A young boy and his mother were on their way home after attending the opera when the boy said, “Mom, that man who did all the singing must think a lot of himself.” “Why would you say something like that?” the mother asked. “Because”, he replied, “Every time the man started to sing, he’d say ‘Me, Me, Me, Meee.'”
We don’t know exactly what songs the first century church had a habit of singing together. We have the book of Psalms, there are sections of scripture that are thought of as recognizable doxologies, and we even have a moment or two when the New Testament scriptures explicitly say certain individuals were singing. But for the most part we don’t have a numbered list of songs (i.e. a modern-day songbook) that identifies what the early church used in worship.
Although we may not be able to “confidently” identify any of the first century church’s songs, we can identify how they were meant to sing … and it wasn’t with the purpose of making it all about, “Me, Me, Me, Meee.”
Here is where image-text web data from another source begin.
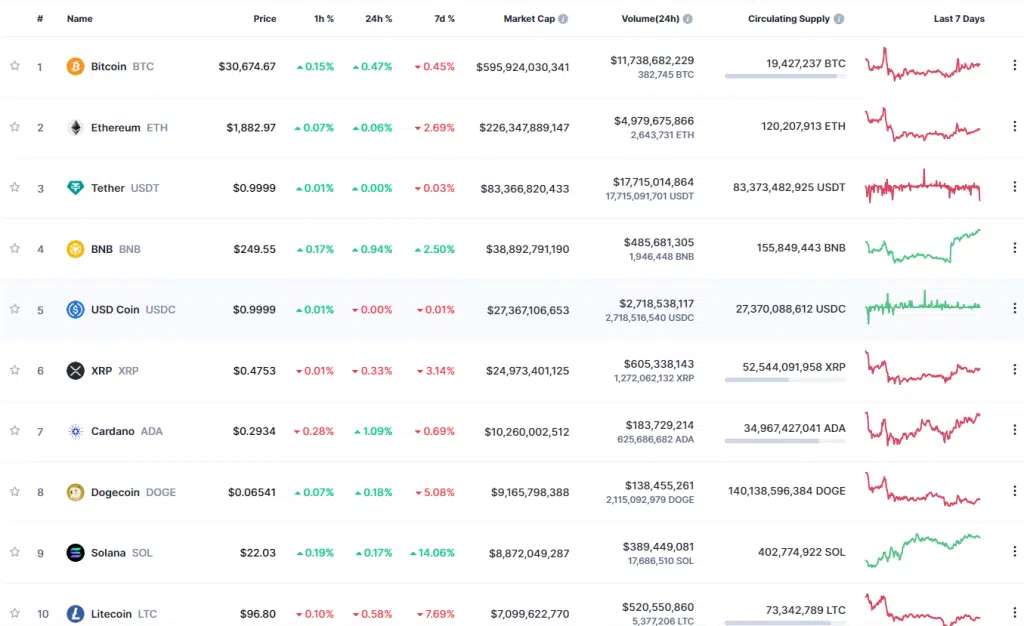 the top ten cryptocurrencies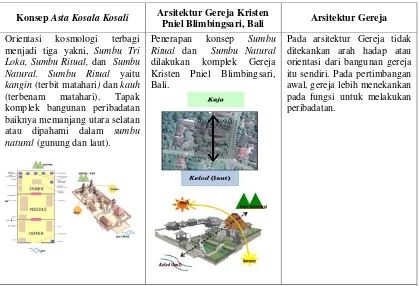 Tabel 1. Analisis kompleks gereja Kristen Pniel Blimbingsari, Bali 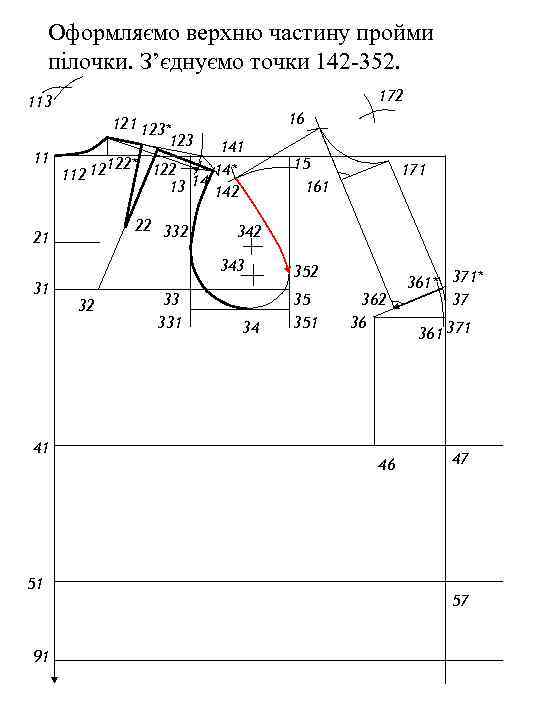 Оформляємо верхню частину пройми пілочки. З’єднуємо точки 142 -352. 172 113 121 123* 123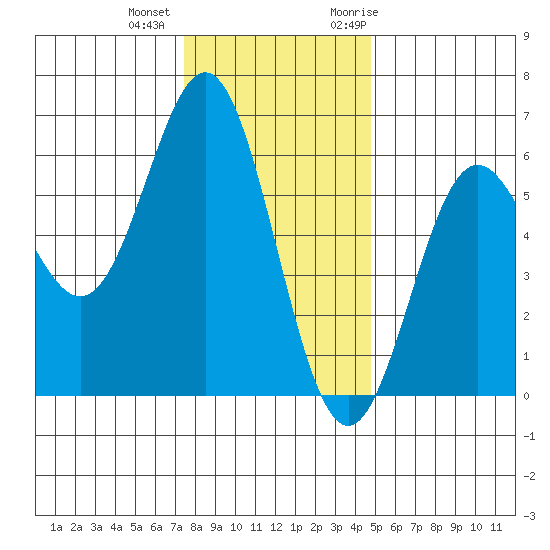 Brookings tide chart for Tuesday, December 2, 2025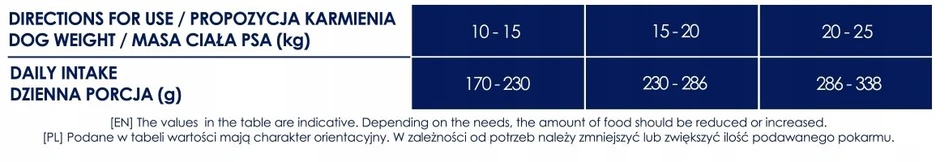 BALTICA Nutraceutic Hypoallergenic M ėriena with ryžiai – sausas Maistas šunims – 1kg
“speaking to one another in psalms and hymns and spiritual songs, singing and making melody in your heart to the Lord,” (Ephesians 5:19 NKJV)
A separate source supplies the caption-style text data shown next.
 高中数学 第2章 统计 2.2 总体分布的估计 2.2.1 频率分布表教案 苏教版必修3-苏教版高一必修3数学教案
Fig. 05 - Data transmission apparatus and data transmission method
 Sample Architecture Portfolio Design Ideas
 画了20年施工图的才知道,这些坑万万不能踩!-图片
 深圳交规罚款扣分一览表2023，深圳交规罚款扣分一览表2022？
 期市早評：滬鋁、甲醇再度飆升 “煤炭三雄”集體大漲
Nothing about the singing of the early church was meant to be egocentric; it was quite the opposite! The early church’s purpose of singing in worship was to remind one another about the higher purpose of living in God’s calling (which is the context of Ephesians 5:19) and to bring, and give, glory to God within their heart. And if our modern-day purpose falls short of the same standard, then it doesn’t matter what song we’re singing, we’re making it about us and not about what God desires.